-- Opening Marker --
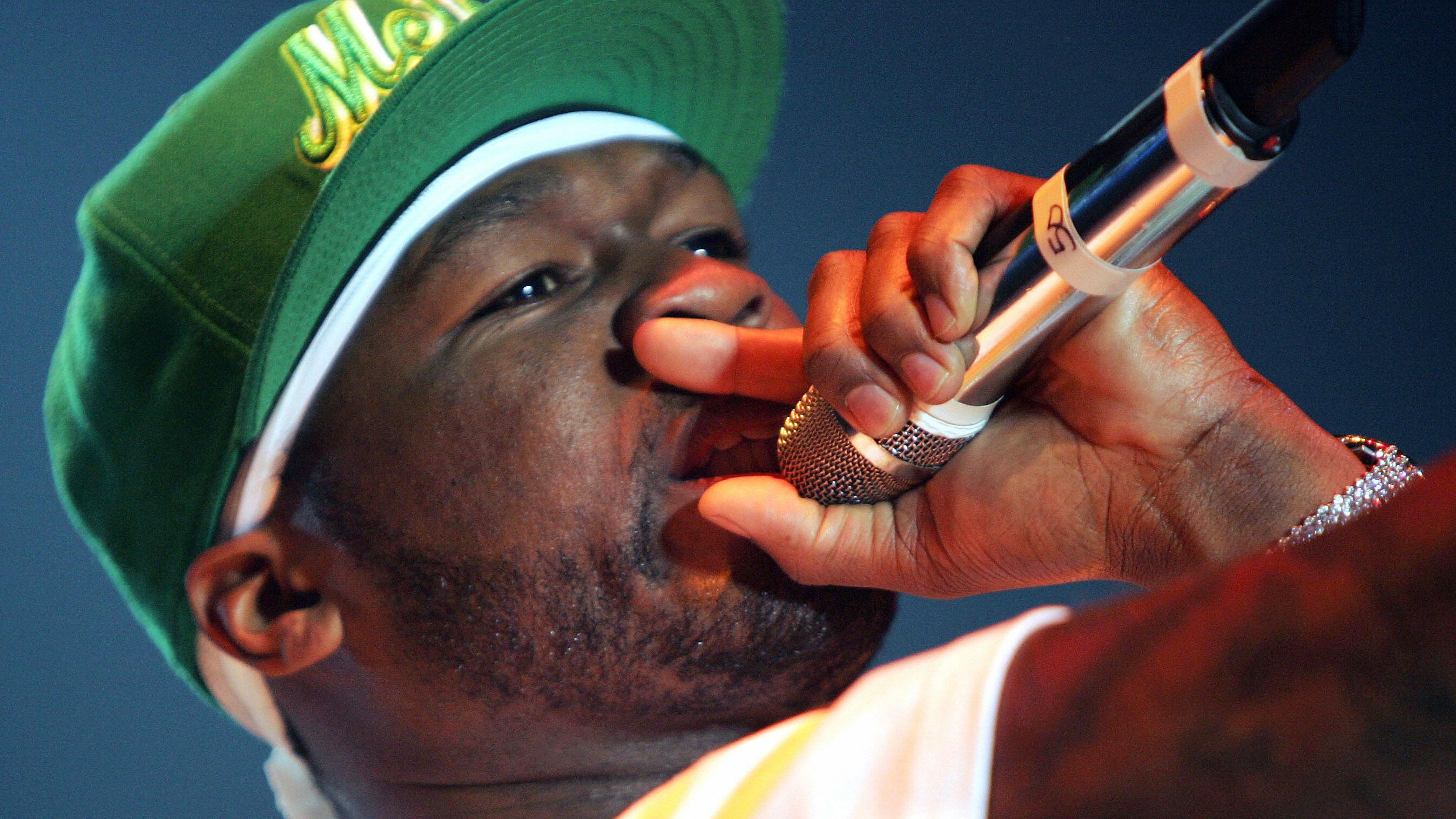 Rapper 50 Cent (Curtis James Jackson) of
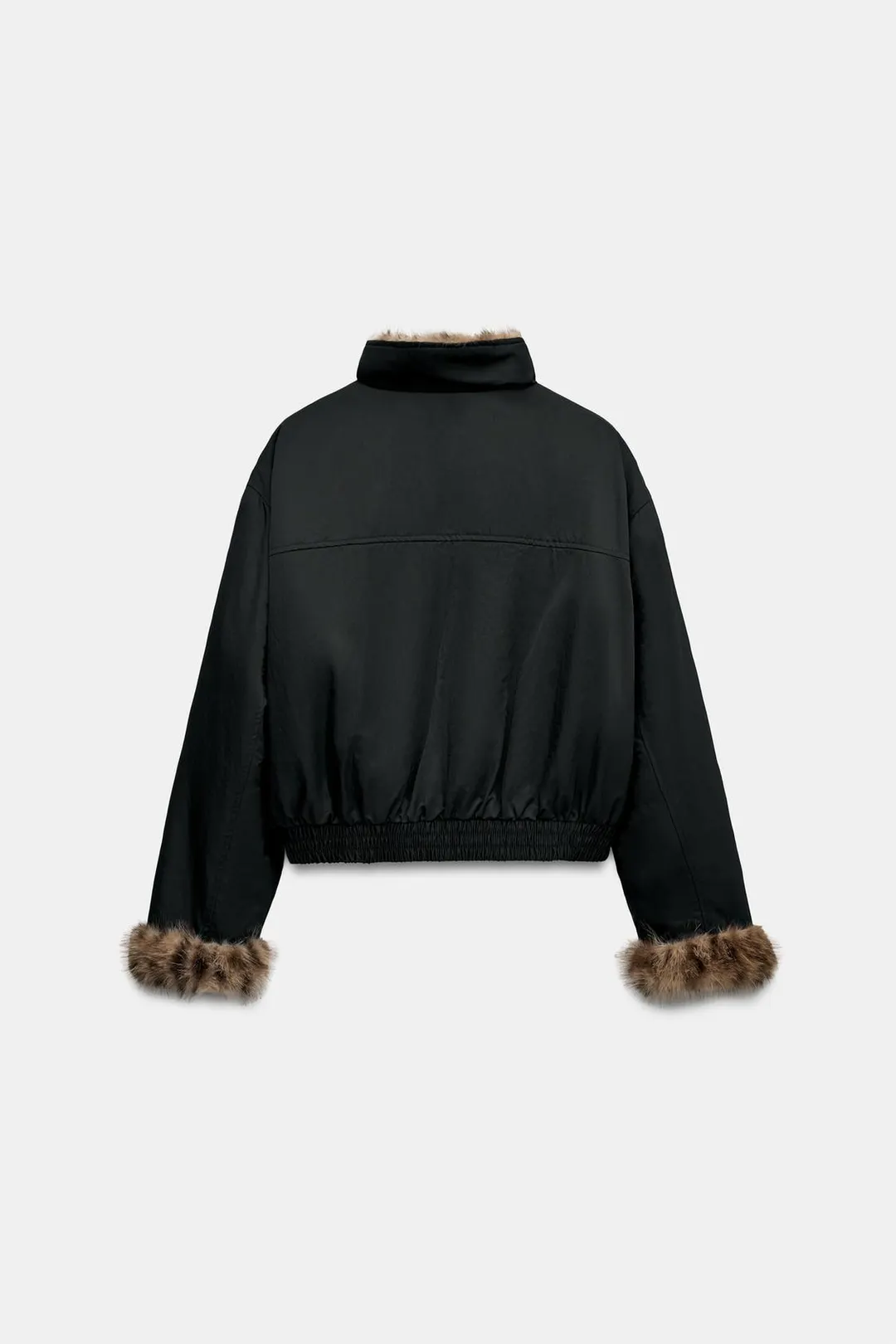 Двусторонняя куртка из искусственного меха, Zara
-- Closing Marker --
-- Opening Marker --
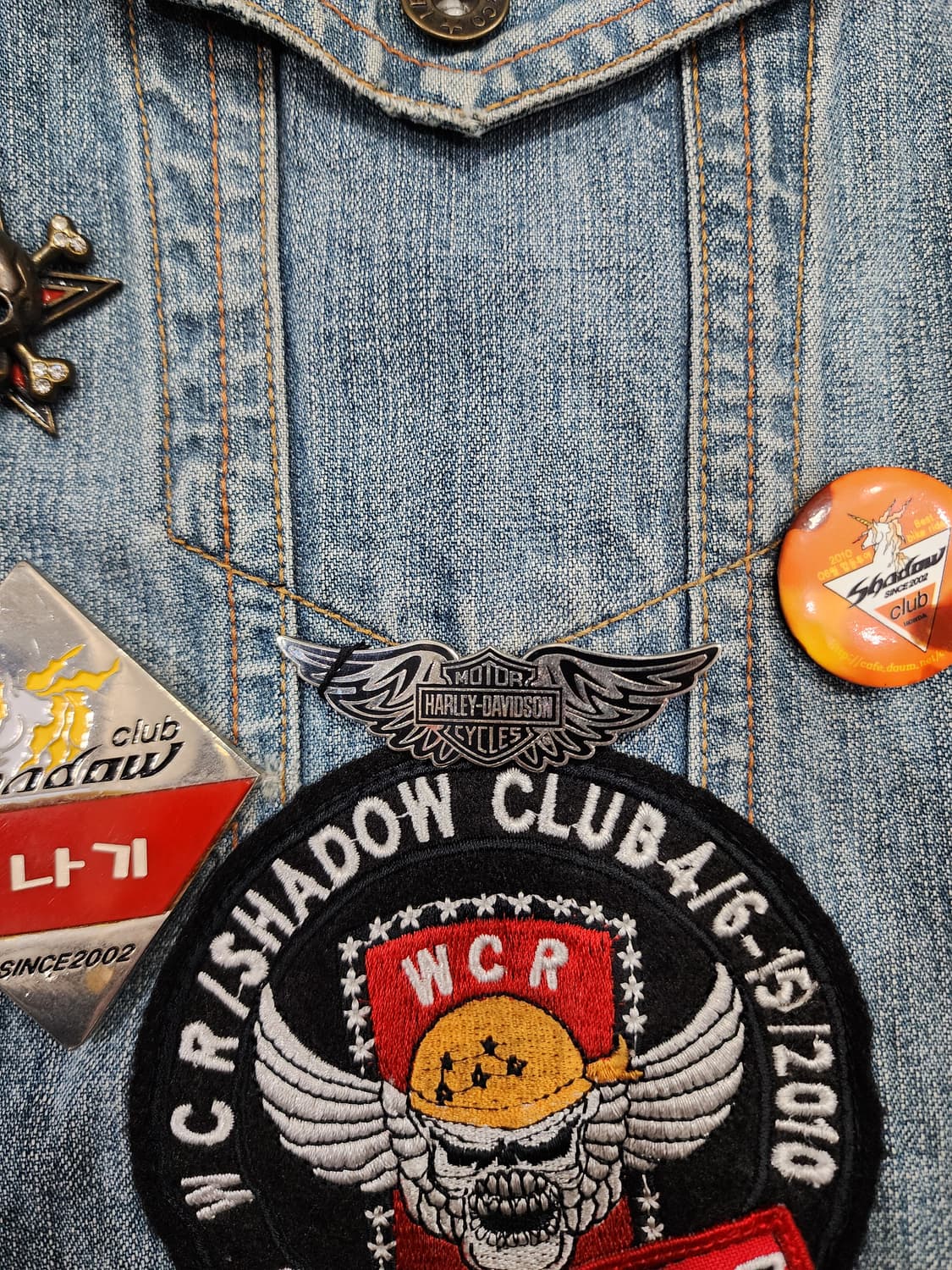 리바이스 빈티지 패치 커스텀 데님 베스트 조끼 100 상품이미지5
-- Closing Marker --
■ Task item
Once the line with "Rapper 50 Cent (Curtis James Jackson) of" is found in the data above, reproduce it and each line after it exactly, through the line with "Двусторонняя куртка из". Omit the pictures.

■ Written answer
 Rapper 50 Cent (Curtis James Jackson) of
 Двусторонняя куртка из искусственного меха, Zara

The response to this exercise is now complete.